US Dollar bounces off lows, 97.00 back on the radar
The US Dollar Index – which tracks the buck vs. its main rivals – seems to have found dip buyers around daily lows and is now re-focusing on the key barrier at 97.00 the figure.
US Dollar weaker post-FOMC
The index failed to sustain yesterday’s bullish attempt to levels north of the 97.00 handle, ending the day in the negative territory after the FOMC minutes failed to meet expectations of a more hawkish tone.
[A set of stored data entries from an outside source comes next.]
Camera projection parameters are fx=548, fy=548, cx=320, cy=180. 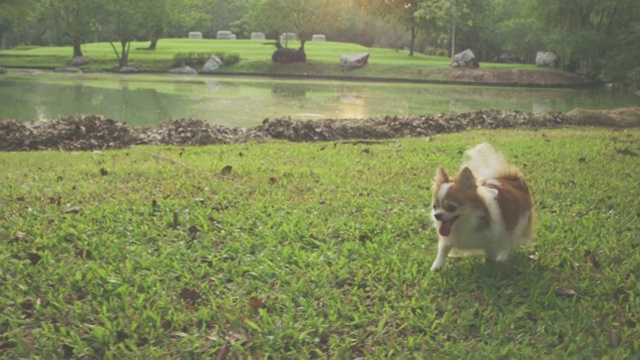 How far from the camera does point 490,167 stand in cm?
337

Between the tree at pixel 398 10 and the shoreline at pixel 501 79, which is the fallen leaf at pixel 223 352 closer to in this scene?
the shoreline at pixel 501 79

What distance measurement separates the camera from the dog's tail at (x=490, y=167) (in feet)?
11.0

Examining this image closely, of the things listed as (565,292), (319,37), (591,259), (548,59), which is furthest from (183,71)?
(565,292)

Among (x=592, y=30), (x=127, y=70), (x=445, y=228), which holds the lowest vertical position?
(x=445, y=228)

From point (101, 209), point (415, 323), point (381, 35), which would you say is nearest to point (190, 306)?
point (415, 323)

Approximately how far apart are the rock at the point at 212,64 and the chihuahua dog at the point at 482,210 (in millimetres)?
32712

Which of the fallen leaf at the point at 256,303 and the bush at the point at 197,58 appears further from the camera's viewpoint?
the bush at the point at 197,58

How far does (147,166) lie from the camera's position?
5.74 meters

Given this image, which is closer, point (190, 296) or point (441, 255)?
point (190, 296)

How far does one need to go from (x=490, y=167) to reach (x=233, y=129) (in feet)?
20.9

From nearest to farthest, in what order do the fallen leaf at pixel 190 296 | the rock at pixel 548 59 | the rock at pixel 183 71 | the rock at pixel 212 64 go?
the fallen leaf at pixel 190 296 < the rock at pixel 183 71 < the rock at pixel 212 64 < the rock at pixel 548 59

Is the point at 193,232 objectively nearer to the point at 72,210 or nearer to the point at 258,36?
the point at 72,210

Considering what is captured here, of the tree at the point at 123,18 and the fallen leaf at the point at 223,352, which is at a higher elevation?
the tree at the point at 123,18

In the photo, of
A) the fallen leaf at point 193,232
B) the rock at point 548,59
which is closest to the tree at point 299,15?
the rock at point 548,59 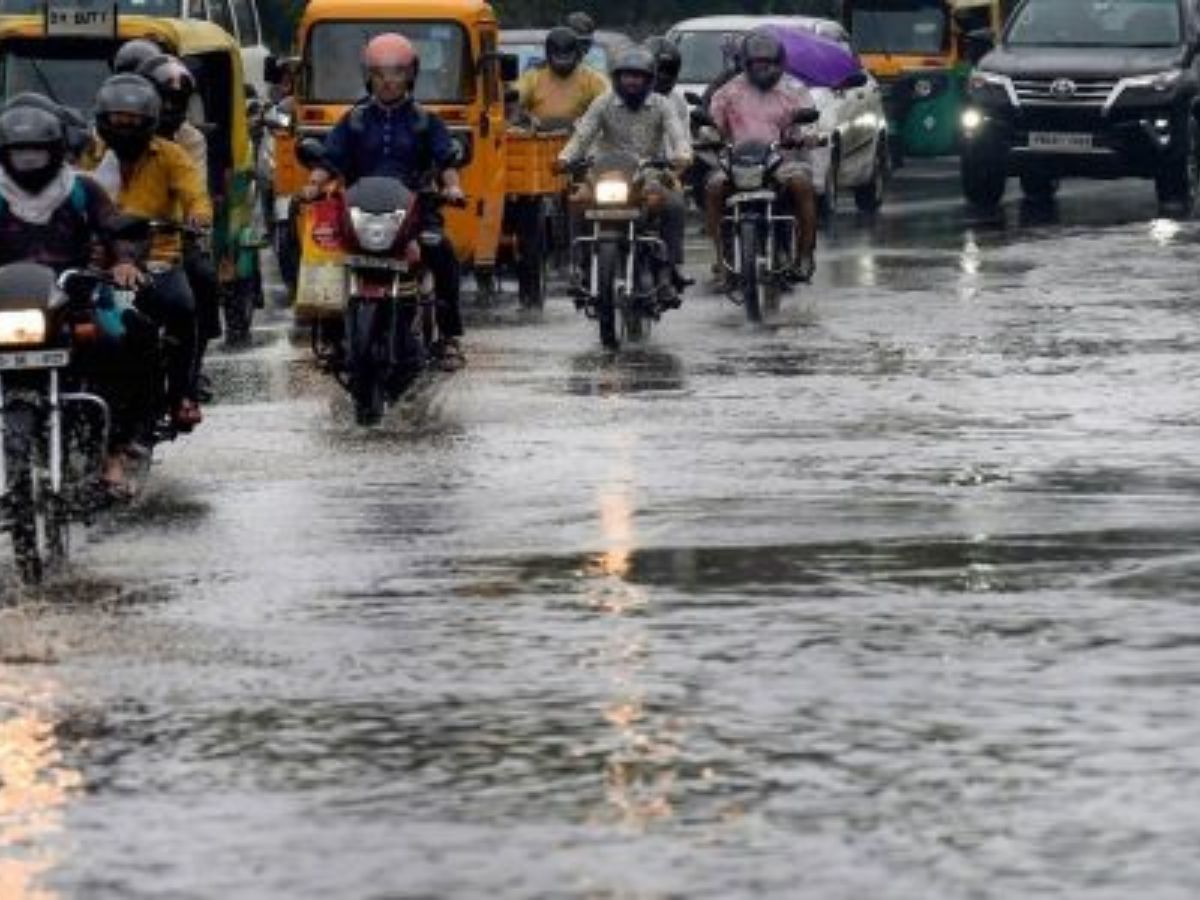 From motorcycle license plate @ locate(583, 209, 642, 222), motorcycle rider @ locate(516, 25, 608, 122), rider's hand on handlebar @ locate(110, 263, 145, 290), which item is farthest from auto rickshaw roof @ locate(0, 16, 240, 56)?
rider's hand on handlebar @ locate(110, 263, 145, 290)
In fact, despite the Committee signaled that further tightening should come ‘soon’ and the Fed is projecting to start reducing its balance sheet at some point by year-end, members apparently need further evidence that the slowdown seen during the January-March period was transitory.
In the meantime, DXY continues to gravitate in the area of multi-month lows around 96.80/97.00 for the time being, down for the second week in a row and losing nearly 7% since early January’s 14-year tops in the vicinity of 104.00 the figure.
Data wise today, Initial Claims is due seconded by Wholesale Inventories and the speech by FOMC’s L.Brainard (permanent voter, centrist).
US Dollar relevant levels
The index is losing 0.03% at 96.92 facing the next support at 96.70 (2017 low May 23) followed by 95.91 (low Nov.9 2016) and then 94.95 (low Sep.22 2016). On the other hand, a breakout of 97.32 (high May 24) would open the door to 97.97 (high May 18) and finally 98.34 (20-day sma).